» **Exercise aim**: Below is a listing. Return the lines from the one that contains "4 Toomey Lane" to the one that contains "Jordan Boys B'Loyal", both ends included, verbatim and with no pictures.

» **Input records**:
↓
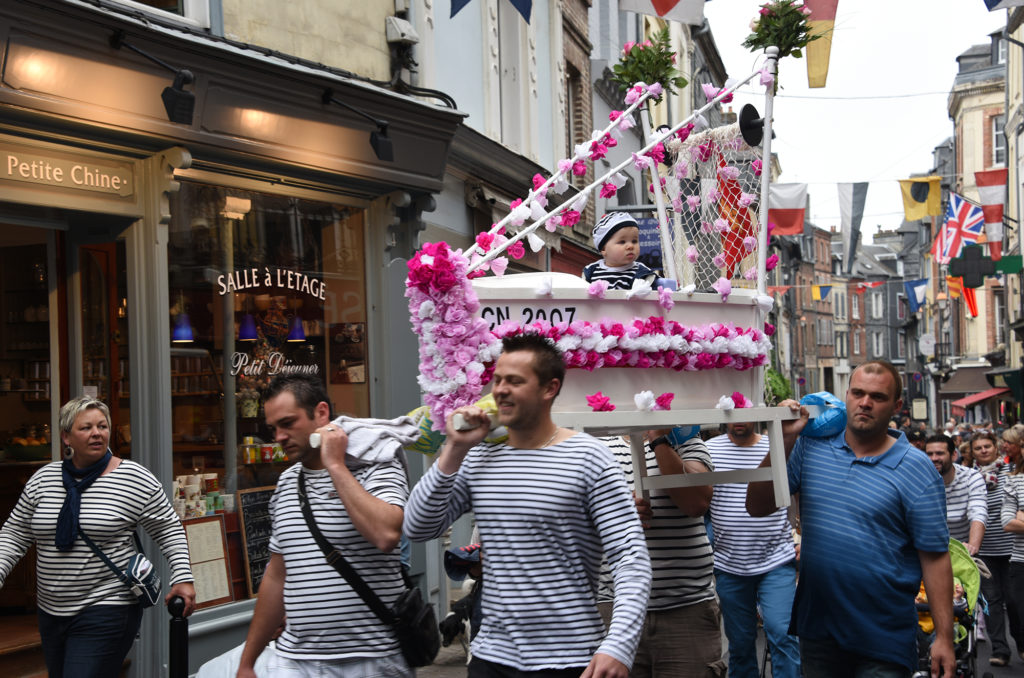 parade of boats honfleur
↑
↓
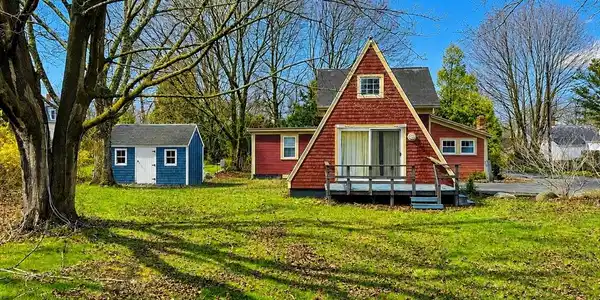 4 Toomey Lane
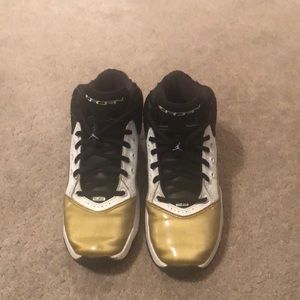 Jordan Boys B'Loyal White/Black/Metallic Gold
↑
↓
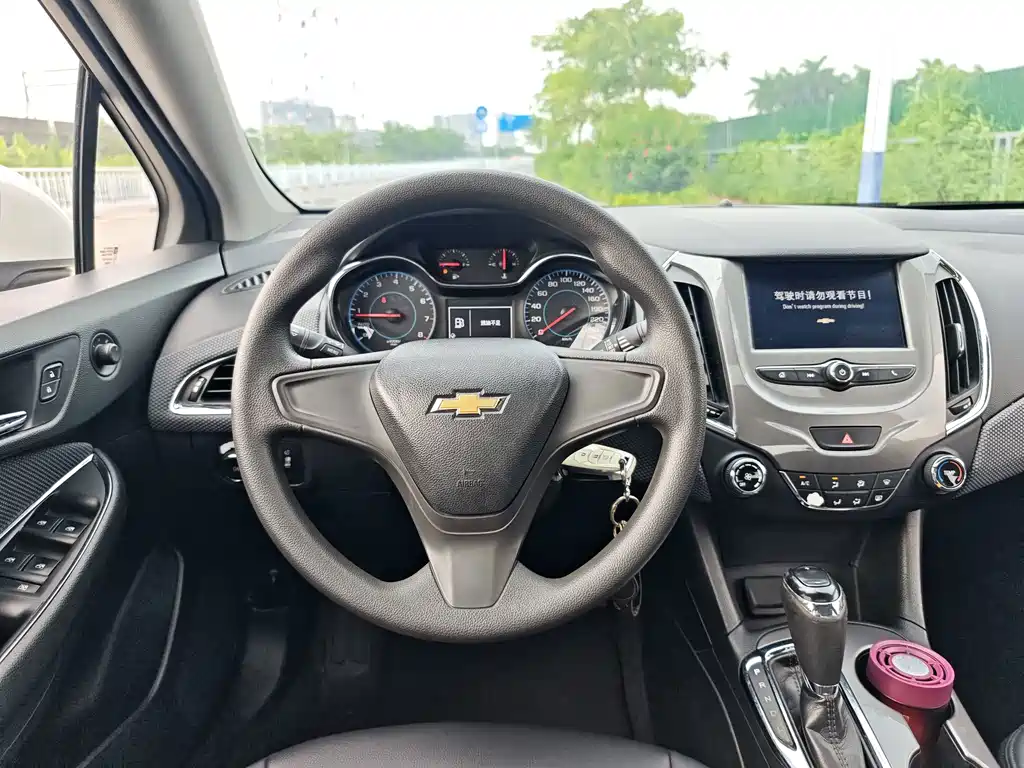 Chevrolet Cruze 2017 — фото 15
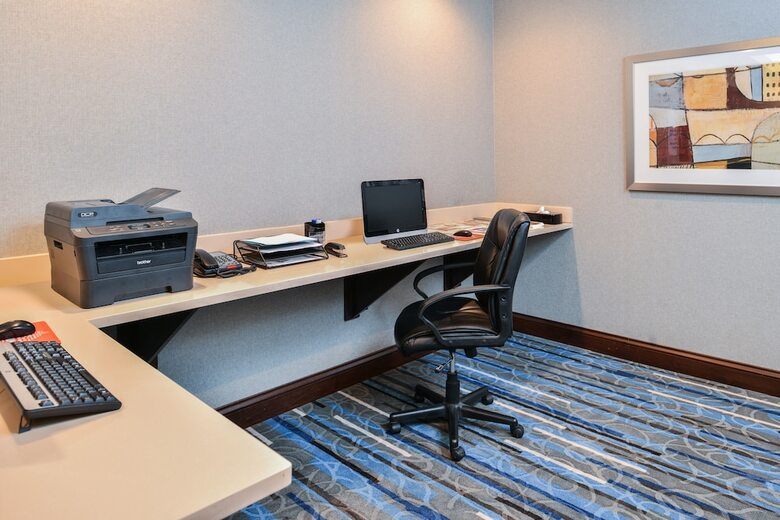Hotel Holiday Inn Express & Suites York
↑
» **Your solution**:
 4 Toomey Lane
 Jordan Boys B'Loyal White/Black/Metallic Gold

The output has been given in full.